--- PROBLEM STATEMENT ---
Retype, exactly and with both ends included, the lines below from the one containing "2009 Jeep Wrangler X" through the end; omit the pictures.

[Opening TASK INPUTS section]

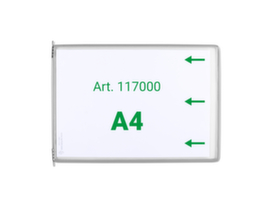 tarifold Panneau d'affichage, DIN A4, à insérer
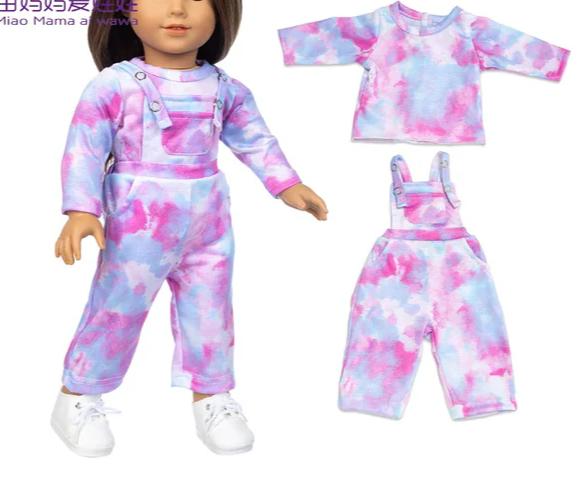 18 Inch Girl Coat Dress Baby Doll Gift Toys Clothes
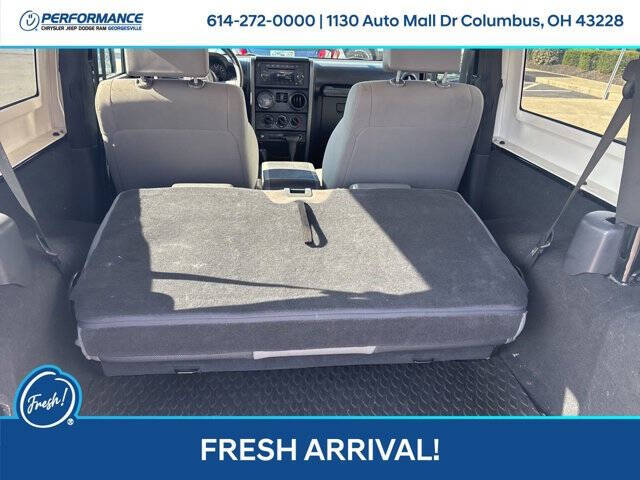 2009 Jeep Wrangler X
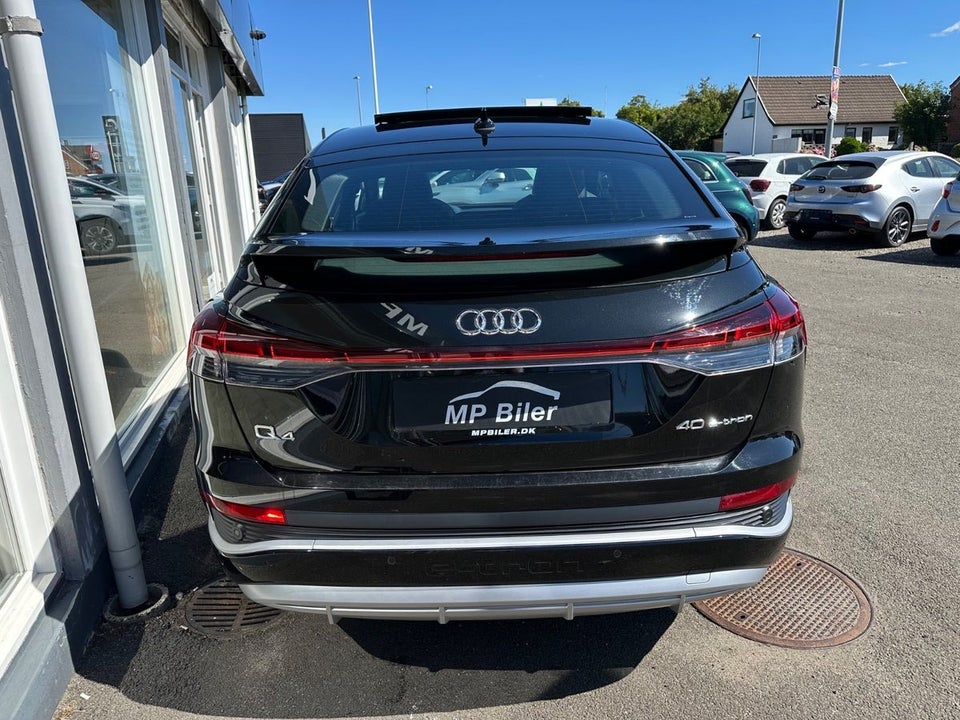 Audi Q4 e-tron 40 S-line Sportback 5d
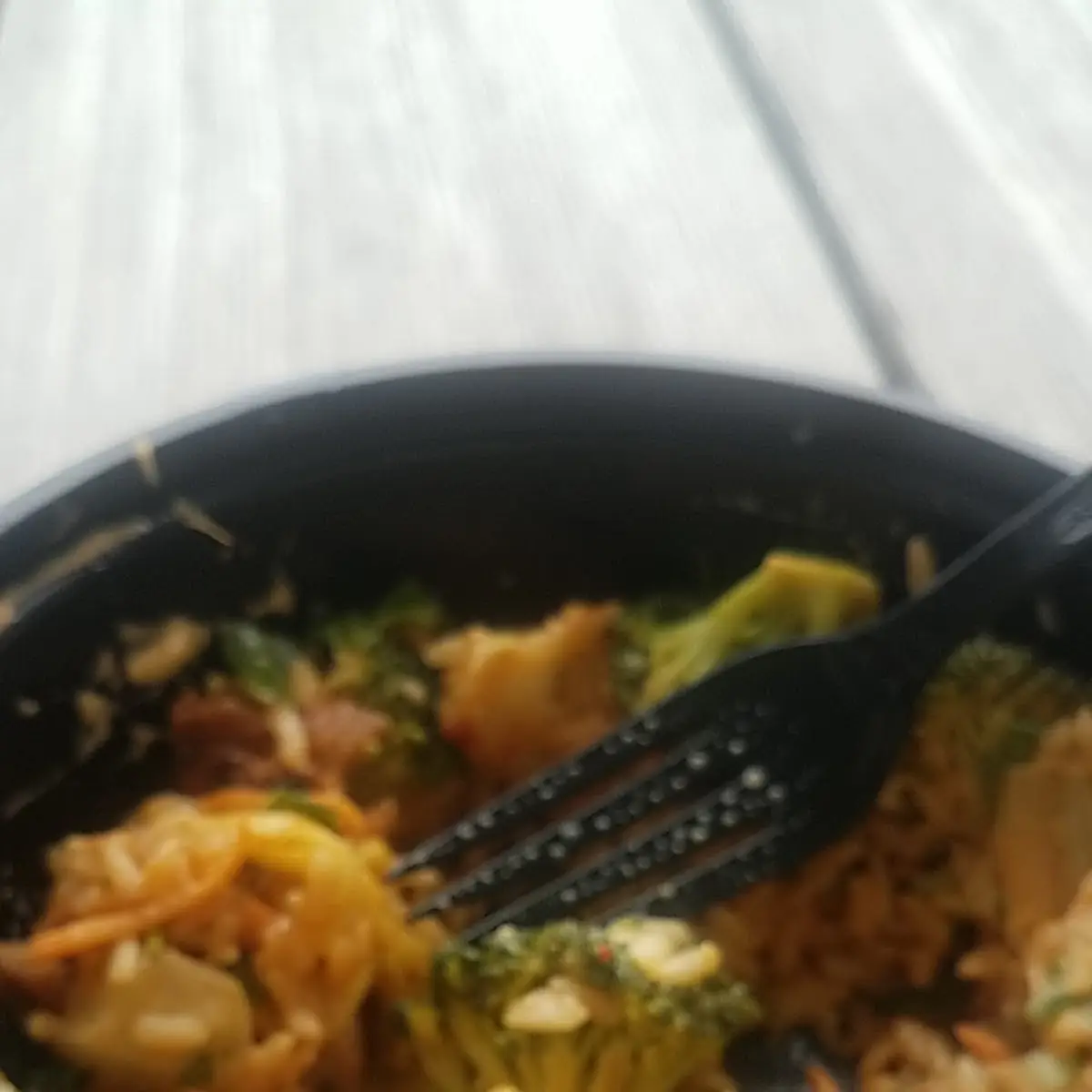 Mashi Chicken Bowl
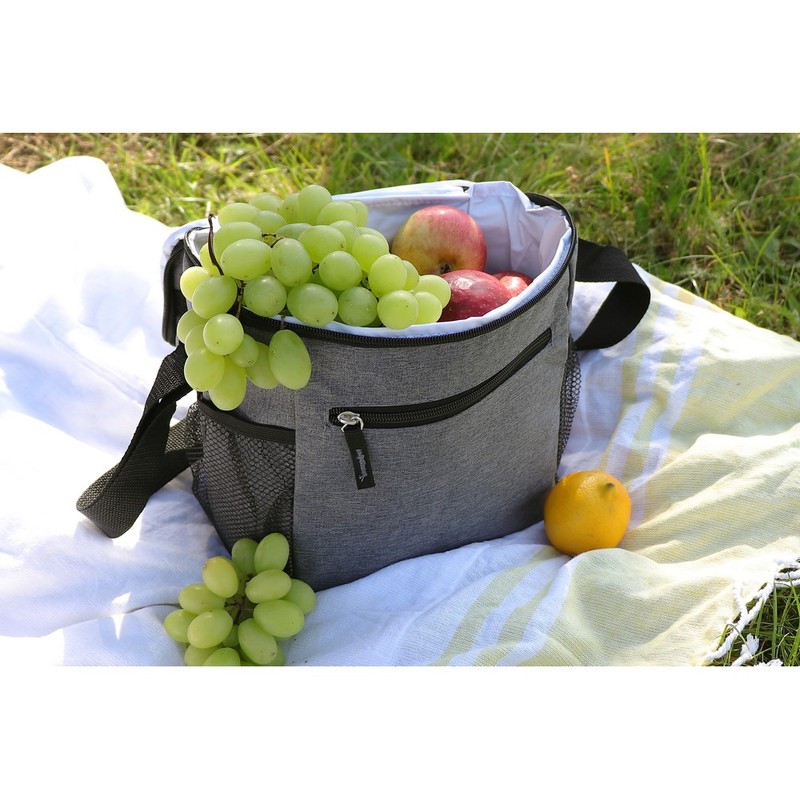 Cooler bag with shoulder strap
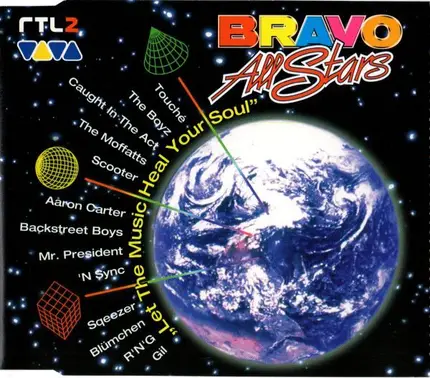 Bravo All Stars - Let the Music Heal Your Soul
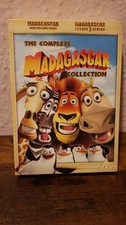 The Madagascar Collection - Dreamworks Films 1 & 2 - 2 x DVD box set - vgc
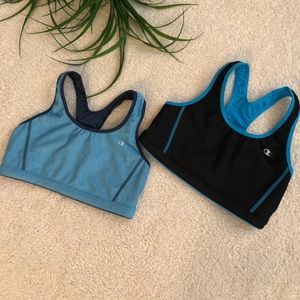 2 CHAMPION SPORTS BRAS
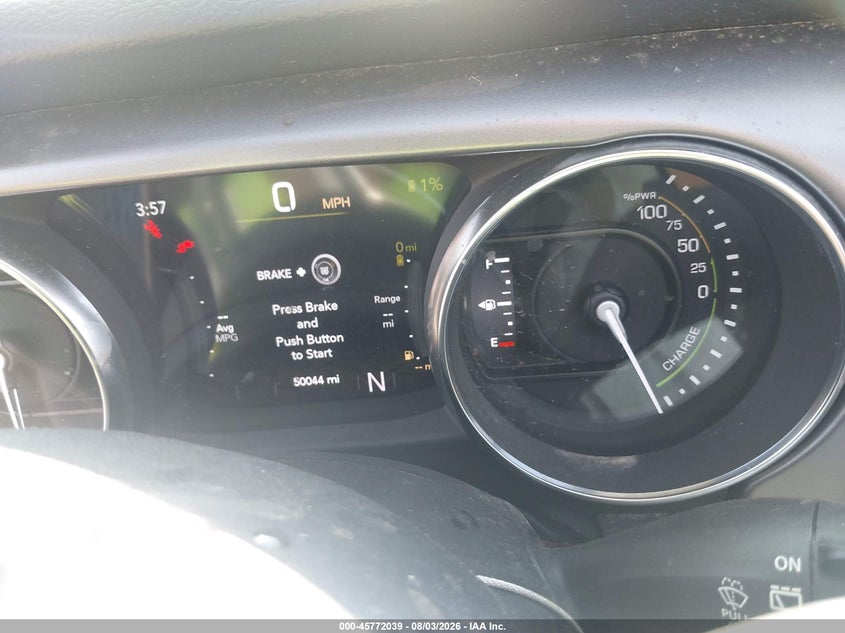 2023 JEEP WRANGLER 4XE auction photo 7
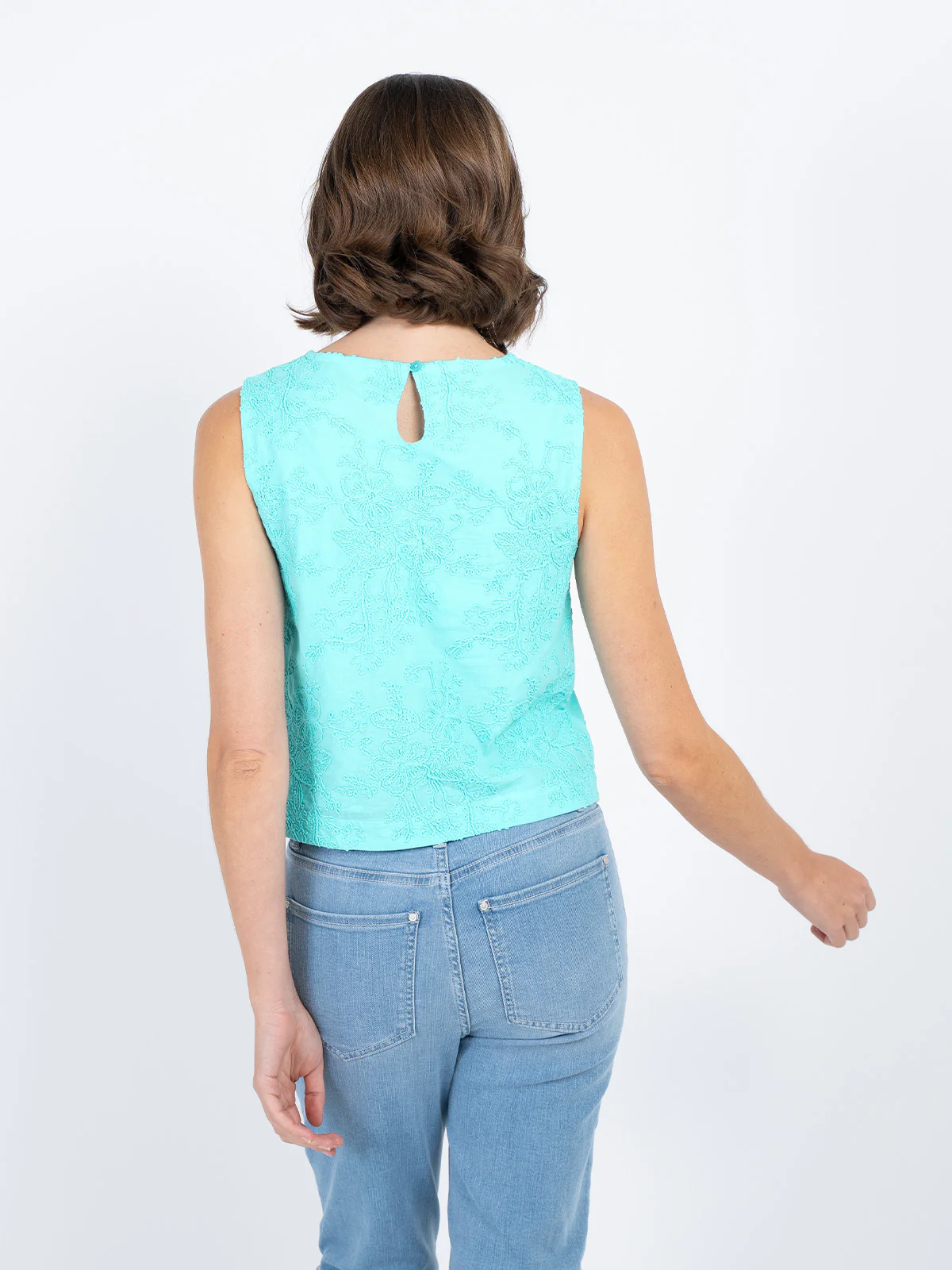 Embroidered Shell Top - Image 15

[Closing TASK INPUTS section]

--- SOLUTION BELOW ---
 2009 Jeep Wrangler X
 Audi Q4 e-tron 40 S-line Sportback 5d
 Mashi Chicken Bowl
 Cooler bag with shoulder strap
 Bravo All Stars - Let the Music Heal Your Soul
 The Madagascar Collection - Dreamworks Films 1 & 2 - 2 x DVD box set - vgc
 2 CHAMPION SPORTS BRAS
 2023 JEEP WRANGLER 4XE auction photo 7
 Embroidered Shell Top - Image 15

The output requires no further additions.